**What the task requires**. The records are set out below this line. Return exactly the lines from the one containing "Rhone Crussol Casa | Gite le 1935" through the last, and exclude the pictures.

(Records for processing Opens)

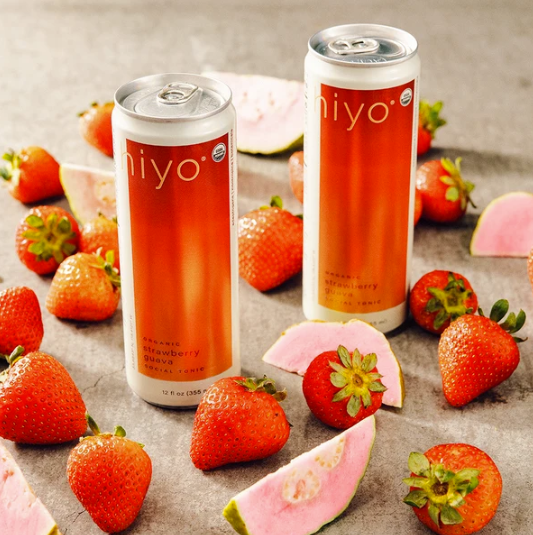 Hiyo - Strawberry Guava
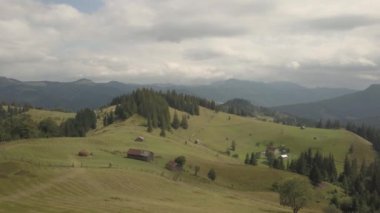 Yaz Karpat Dağları yakınlarında Dzembronya Köyü, Ukrayna uçan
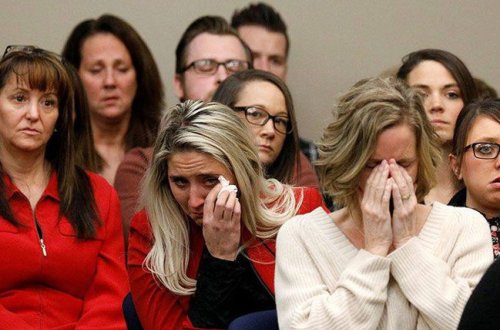 Müayinə adı ilə qızları zorlayan həkimə şok cəza - FOTOLAR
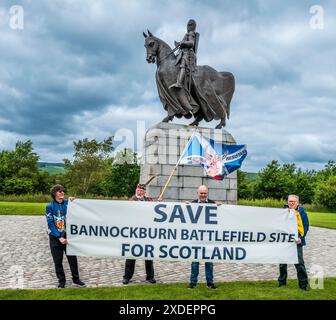 marche de l'indépendance vers Bannockburn organisée par All Under One Banner pour commémorer la victoire de Robert Bruce sur l'armée anglaise les 23 et 24 Banque D'Images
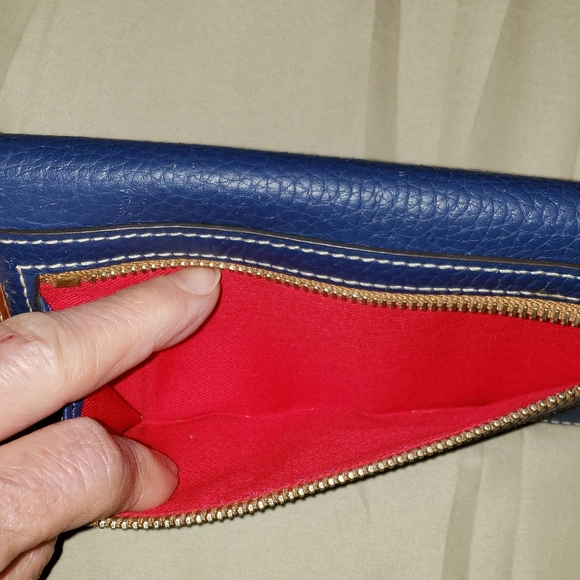 Dooney and Bourke Pebbled Leather Continental Clutch Wallet Dark Blue - Picture 5 of 8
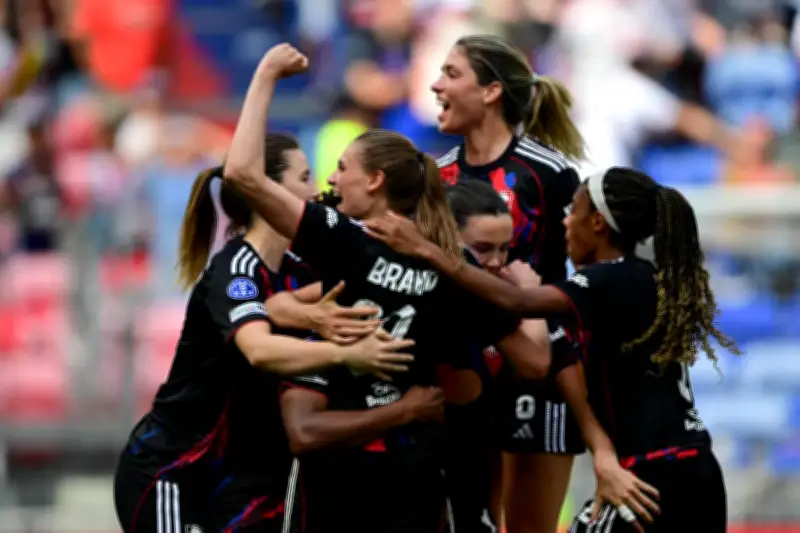 Lyon domine Barcelone en finale de la Ligue des champions féminine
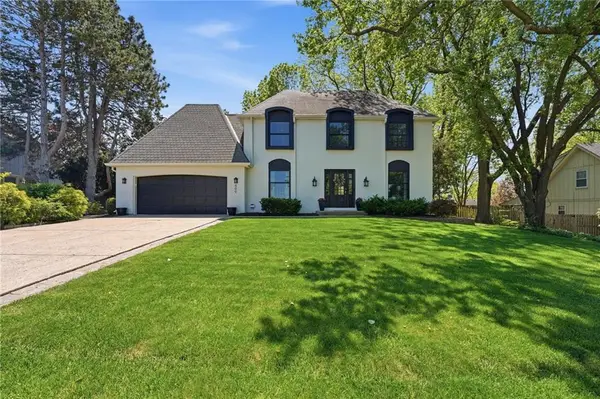 609 NW 44th Terrace, Gladstone, MO 64116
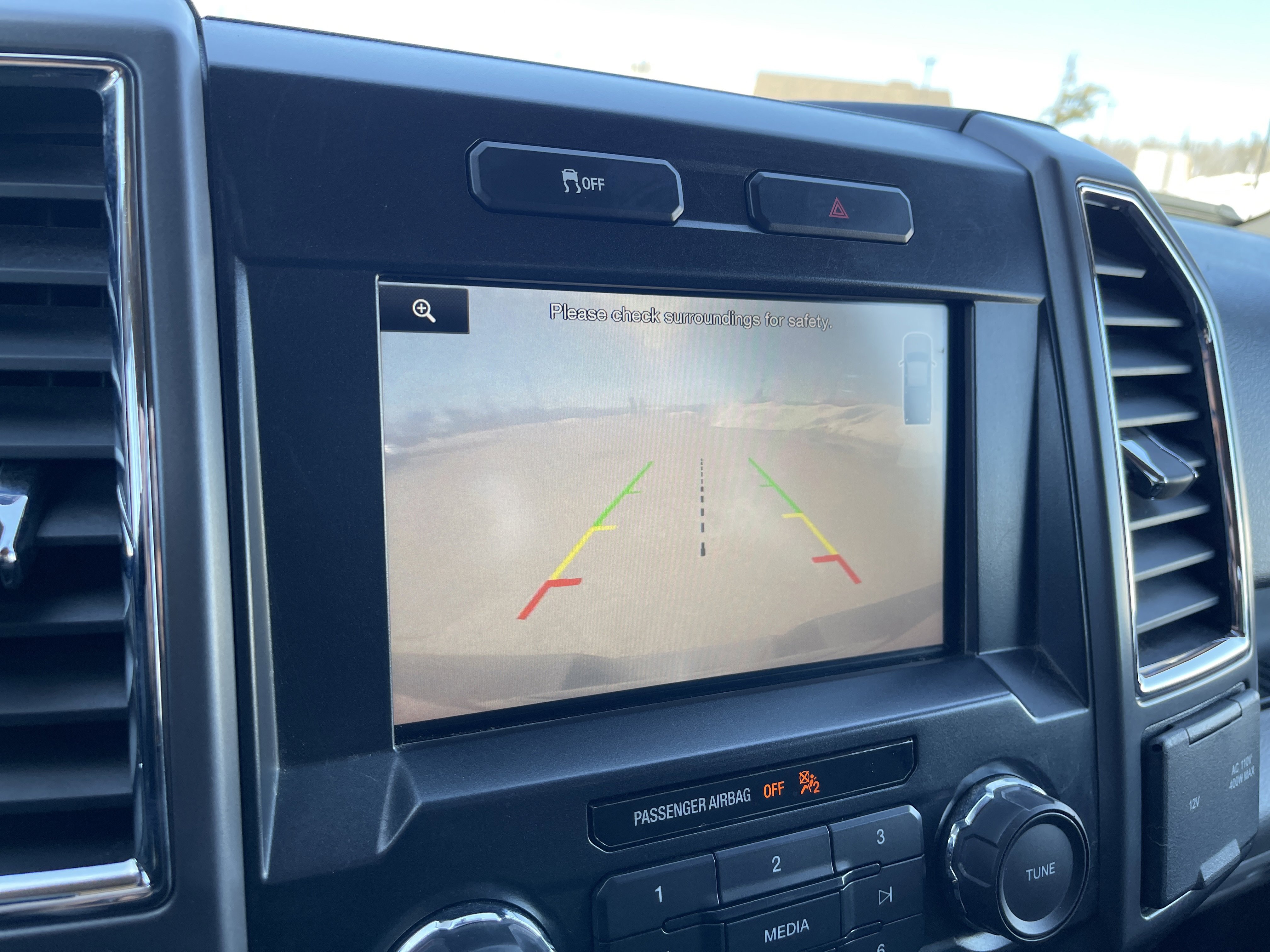 Used 2015 Ford F150 XLT w/ Equipment Group 302A Luxury image 18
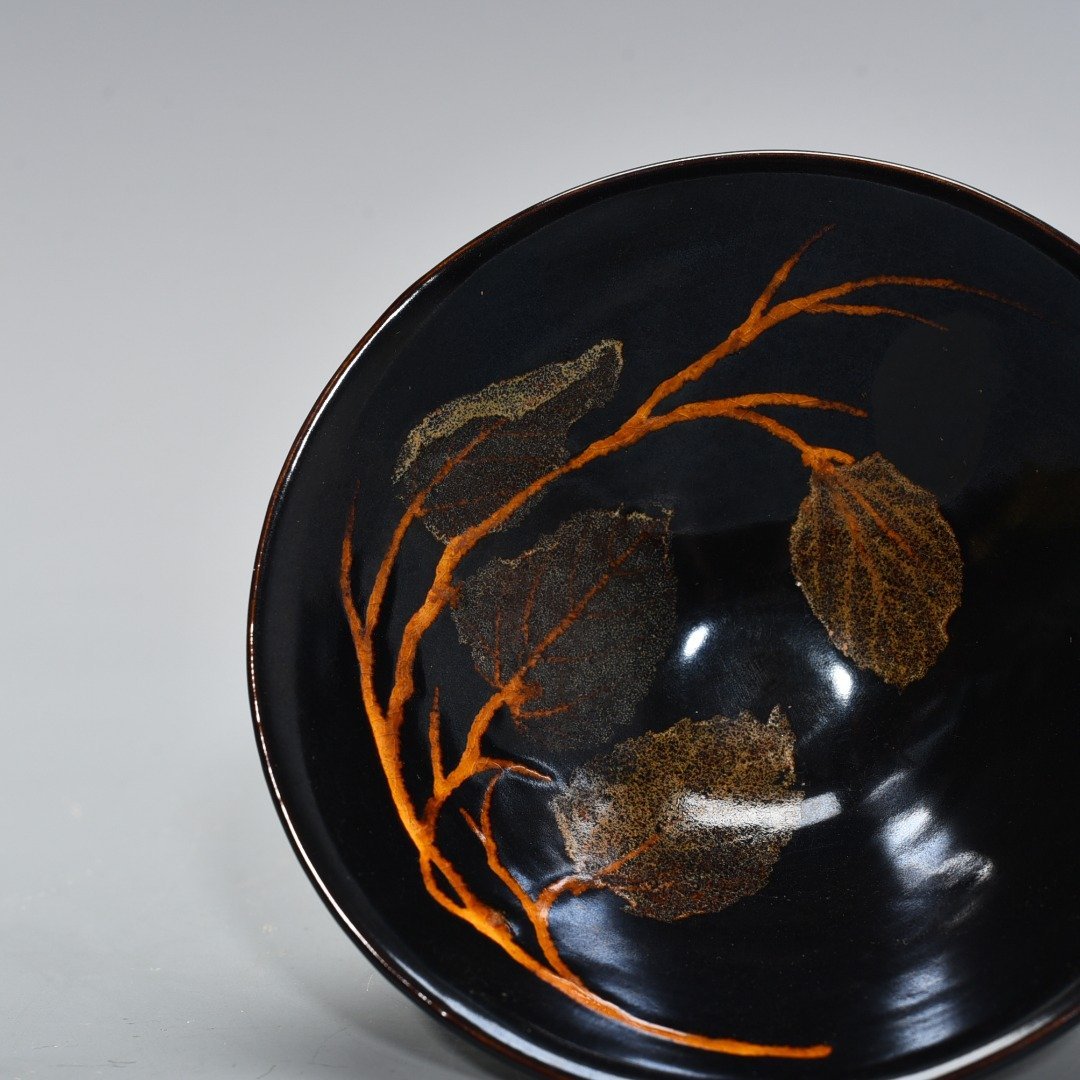 Song Dynasty Jizhou kiln wood leaf bowl and bamboo hat bowl real leaf seven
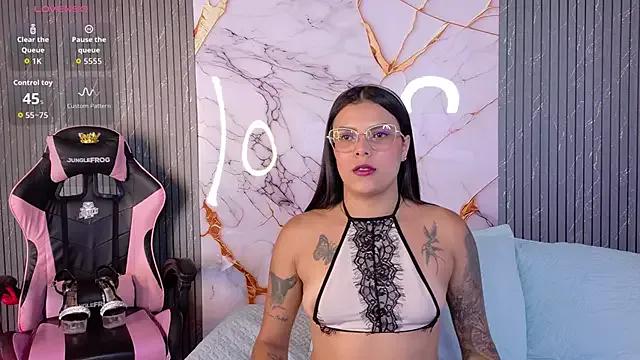 Shasa_8 on StripChat 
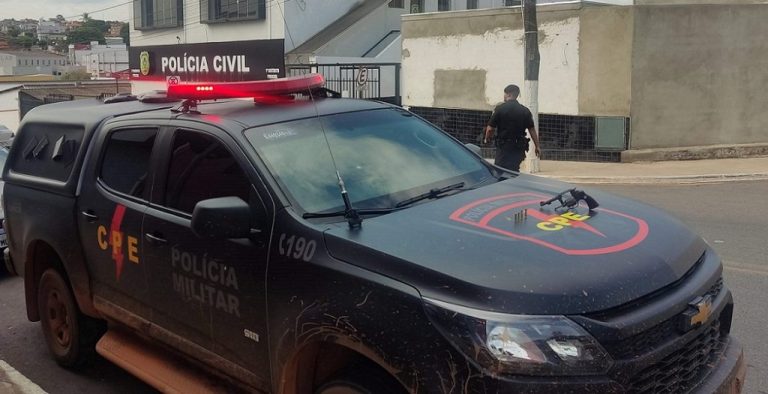 POLÍCIA QUE PRENDE: MOTORISTA DE AMBULÂNCIA QUE MATOU ESPOSA COM TIRO NO PEITO DENTRO DE BAR, EM CATALÃO, FOI PRESO JUNTO COM VIZINHO QUE AJUDOU NA FUGA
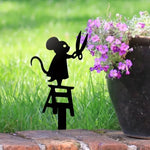 Sculpture métal souris dans un jardin décoratif avec plantes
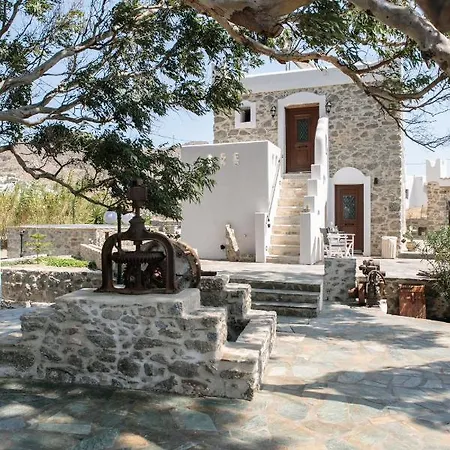 וילה Peratsi Stone Mansion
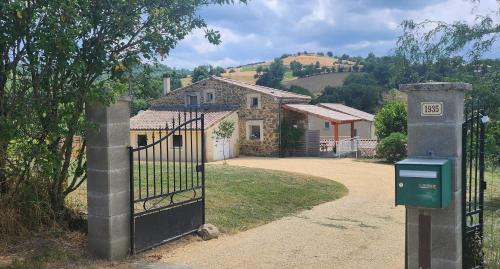 Rhone Crussol Casa | Gite le 1935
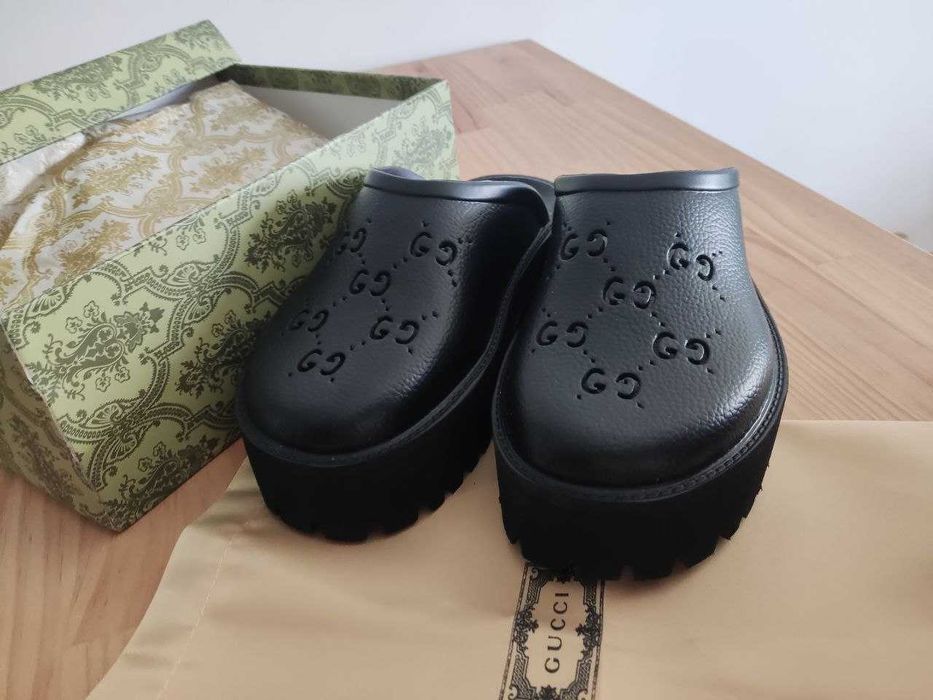 Gucci Buty, sandaly klapki, skora, od reki 2906.01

(Records for processing Closes)

**Solution**.
 Rhone Crussol Casa | Gite le 1935
 Gucci Buty, sandaly klapki, skora, od reki 2906.01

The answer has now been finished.